NYC’s Vote Your Future Campaign
With contributions from artists and designers including Laci Jordan, Amanda Phingbodhipakkiya, Gillian Dreher and Carolyn Suzuki, NYC’s Vote Your Future campaign—curated by Amplifier—comprises posters that encourage the public to flex their democratic privilege. The non-partisan initiative will place these prints (with messaging in English, Spanish and Mandarin) all over the city, specifically in neighborhoods that have historically lower voter turnout. Every poster incorporates a QR code which sends people to vote.org “where they can access key voter information across the city.” Free to download from Amplifier, the designs are available to the public to print and display in their apartment windows, front yards and places of business—or anywhere they see fit. Find out more at It’s Nice That.
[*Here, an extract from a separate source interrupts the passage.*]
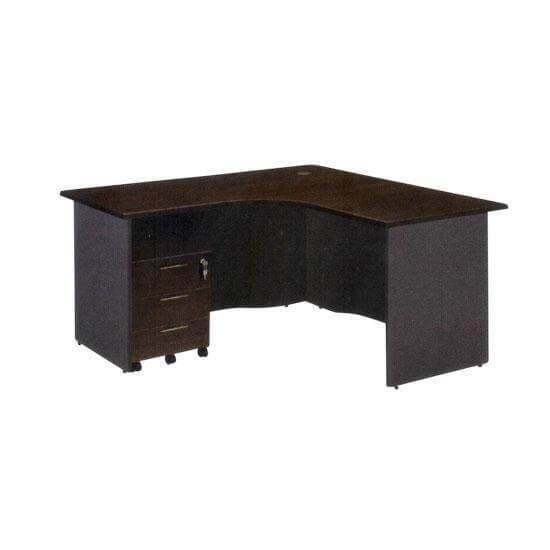 Dolly L-shaped Study Table with Mobile Pedestal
Image courtesy of Laci Jordan / Amplified
NASA + Nokia Will Launch LTE on The Moon
By late 2022, astronauts visiting the moon will be able to make cellular calls, stream videos and more, thanks to NASA and Nokia’s joint venture to put a 4G phone network on our lunar neighbor. The Finnish phone company will use already existing tech to provide scientists with “ultra-compact, low-power, space-hardened, end-to-end LTE.” This is just one step in NASA’s huge Artemis Plan which intends “to establish a sustainable base on the lunar surface by 2028.” Find out more at CNET.
Image courtesy of NASA
New Balance’s Latest Tokyo Store Made From a Repurposed Kura
In Tokyo’s Nihonbashi district, New Balance’s 15th Japan store—named T-House New Balance—is unmarked but unmissable. Accessed through a set of sliding doors on the all-white, windowless façade, the inside boasts an intricate system of wooden beams above the showroom floor. The store used to be a 122-year-old kura (a clay warehouse and merchant home) that was located in Kawagoe, a town northwest of Tokyo. This kura—with plenty of guidance from carpenters and experts on traditional woodwork—was dismantled, transported and rebuilt for the project. New Balance worked with Schemata Architects on the ambitious store, and Jo Nagasaka (an architect on the project) says, a big challenge was avoiding “fakeness: like an old folk house displayed in a museum.” She explains to Spoon & Tamago, “It would be like wearing a kimono to an award ceremony overseas even if you never wear one in everyday life.” Read more at Spoon & Tamago.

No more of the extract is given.